Requirement
Look below for the line that has "Asenya Beyaz Dolomit". Set down the lines from there through the line that has "X0000086050846200704091208", exactly as written.

*** Opening of The input ***

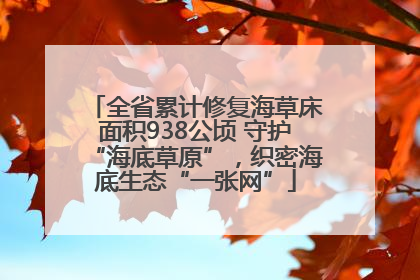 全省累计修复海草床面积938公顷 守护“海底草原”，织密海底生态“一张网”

*** Close of The input ***
*** Opening of The input ***

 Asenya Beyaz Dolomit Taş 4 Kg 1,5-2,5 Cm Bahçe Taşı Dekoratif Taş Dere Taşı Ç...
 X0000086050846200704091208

*** Close of The input ***
*** Opening of The input ***

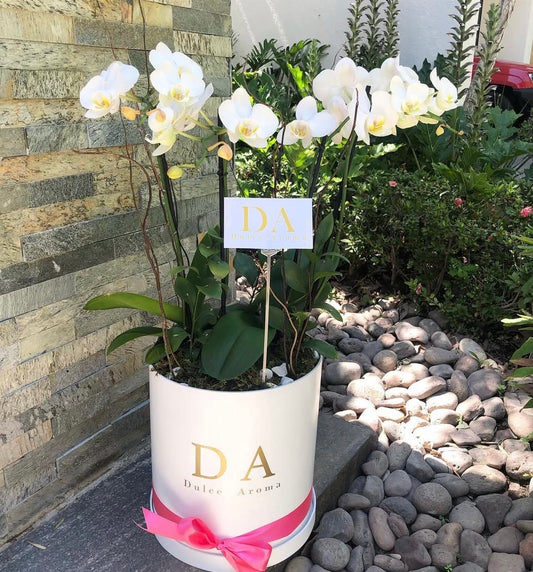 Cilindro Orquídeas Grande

*** Close of The input ***

Result of this task
 Asenya Beyaz Dolomit Taş 4 Kg 1,5-2,5 Cm Bahçe Taşı Dekoratif Taş Dere Taşı Ç...
 X0000086050846200704091208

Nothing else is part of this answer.